Ser disponível
16/06/2004
- Opinión
Ele fez de tudo na vida. Foi ateu, marxista, mercenário da Legião
Estrangeira. Nas guerras matou muita gente. De repente se
converteu. Fez-se monge sem sair do mundo. Foi trabalhar como
estivador. Mas todo o tempo livre dedicava-o à oração e à
meditação. Durante o dia recitava mantras. Estranhamente tinha um
jeito próprio de rezar. Pensava: se Deus se fez gente em Jesus,
então foi como nós: fez chichi, choramingava pedindo peito, fazia
biquinho com as coisas que o incomodavam como a fralda molhada. No
começo Jesus teria gostado mais de Maria, depois mais de José,
coisas que Freud explica. E foi crescendo como nossas crianças,
brincando com formigas, correndo atrás dos cachorrinhos e,
maroto, levantando os vestidinhos das meninas para vê-las
furiosas como imaginou Fernando Pessoa.
E então rezava a Nossa Senhora imaginando como ela ninava Jesus,
como lavava no tanque as fraldinhas e como cozinhava o mingau
para o Menino as comidas fortes para o bom José. E se alegrava
interiormente com tais matutações porque as sentia e vivia na
forma de comoção do coração. E chorava com freqüência de alegria
espiritual.
Depois decidiu fazer-se religioso, da ordem dos Irmãozinhos de
Foucauld, desses que vivem pobres no meio dos mais pobres.
Continuou no mundo. Apenas encontrava de tempos em tempos a
fraternidade. Criou uma pequena comunidade na pior favela da
cidade. Tinha poucos discípulos. Apenas três que acabaram indo
todos embora.
Só, agregou-se então a uma paróquia que fazia trabalho popular.
Trabalhava com os sem-terra e com os sem-teto. Corajoso,
organizava manifestações públicas em frente à Prefeitura e puxava
ocupações de terrenos baldios. E quando os sem-terra e sem-teto
conseguiam se estabelecer, fazia belas celebrações ecumênicas com
muitos símbolos.
Mas todos os dias, por volta das 10 da noite, se enfurnava na
igreja escura. Apenas a lamparina lançava lampejos titubeantes de
luz, transformando as estátuas mortas em fantasmas vivos e as
colunas eretas, em estranhas bruxas. E lá se quedava até as 11
horas. Todas as noites. Impassível, olhos fixos no tabernáculo.
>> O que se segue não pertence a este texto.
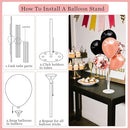30th Birthday Decorations for Women - 56pcs Rose Gold Happy 30th Banner, 30th Birthday Crown Sash, Cake Topper, Number 30 balloons, 3D Butterflies, 4 Balloon Stands kits by TinyTreasures Baby Boutique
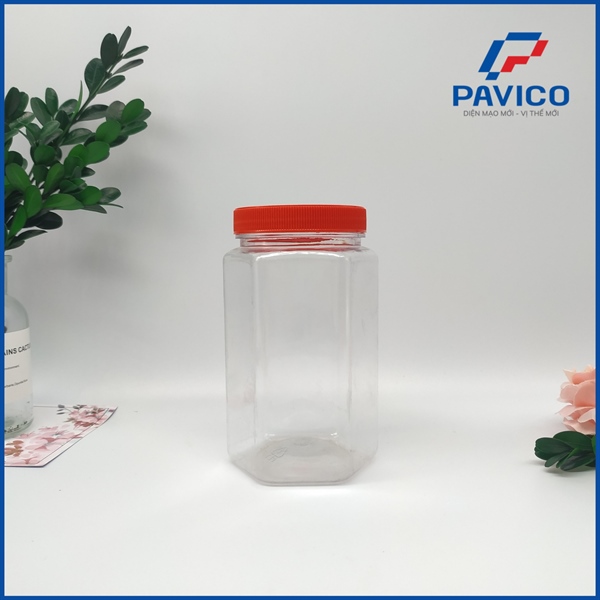 64H400-Hũ pet lục giác 400ml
Um dia fui procurá-lo na igreja. Perguntei-lhe de chofre: meu
irmão (não vou revelar o nome para não ser identificado), você
sente Deus, quando depois dos trabalhos, se mete a escutá-lo na
igreja? Ele te diz alguma coisa?
Com toda a tranqüilidade, como quem acorda de um sono profundo,
apenas disse: Eu não sinto nada. Há muito tempo que não escuto
sua voz. Já senti um dia. Era fascinante. Enchia meus dias de
música. Hoje não escuto mais nada. Talvez Deus não me falará nunca
mais. E então, retruquei eu, por que continua, todas as noites, ai
na escuridão sagrada da igreja? Eu continuo, respondeu, porque
quero estar disponível. Se Ele quiser se manifestar, sair de Seu
silêncio e falar, eu estou aqui para escutar. E se Ele quiser
falar e eu não estiver aqui? Pois, cada vez, Ele vem somente uma
única vez. Como outrora.
Deixei-o em sua plena disponibilidade. Sai maravilhado e
meditativo. É por causa desses que o mundo não é destruído e Deus
continua a manter sua misericórdia. Sobre a humana perversidade:
porque eles vigiam e esperam, contra toda a esperança, o advento
de Deus que talvez nunca acontecerá.